Money talks louder than loyalty and, even if SA Rugby’s decision makers were so inclined to make backhanded deals and slip envelopes under hotel doors, the country’s struggling rand was never going to prove decisive. The legacies of the Springboks, of Mandela and of 1995 might stir souls, but they don’t grease palms. Avoiding the risk of further embarrassment, World Rugby rescinded the democratic process. World Cups would now be awarded, not earned by a popular vote.

It would be remiss not to mention other factors that count against South Africa. It is a dangerous place. Only blind jingoists would deny this. And though rape and murder statistics are largely confined to areas where tourists generally avoid, every sporting showpiece, from the 2010 Fifa World Cup, to the most recent English cricket tour in 2020, is littered with stories of pickpocketings and violent muggings. Public transport is also a mess which compounds matters, often restricting visitors to secluded oases of privilege.

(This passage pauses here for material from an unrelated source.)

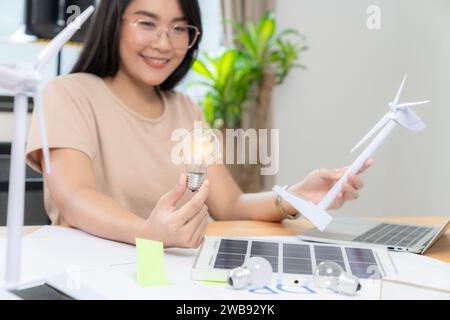 Giovane donna asiatica con pannello solare e lampadina, concetto di energia solare. Foto Stock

But the exchange rate is a dream for anyone spending pounds, euros, dollars or yen, the food is sublime, the wine is even better, the natural beauty is breathtaking, the weather is idyllic, the stadiums are world class, the rugby heritage is storied and the fans, those black, white, brown, Zulu, Afrikaans, English, Xhosa fans who comprise the most diverse rugby supporter base anywhere in the world, make it all worthwhile. This shameful snub is not just a loss for South Africa. The entire rugby ecosystem will miss out on something special.

Perhaps I’m biased. I remember the ecstasy of 1995. I was just seven-years-old and spent most of the final playing with friends in the backyard. But even my prepubescent brain could grasp the significance of that moment. I could not comprehend the evils of apartheid and my white skin sheltered me from its horrors, but I could tell we were forging a new identity as a nation. My father’s tears and my mother’s joy conveyed a palpable sense that something momentous had taken place.

For 40 years the only South Africans who will witness a Rugby World Cup will be expatriates or the wealthy. Marx would no doubt be fuming. And so, with this latest insult, those who wear the green and gold must represent the rest of us as we cannot represent ourselves.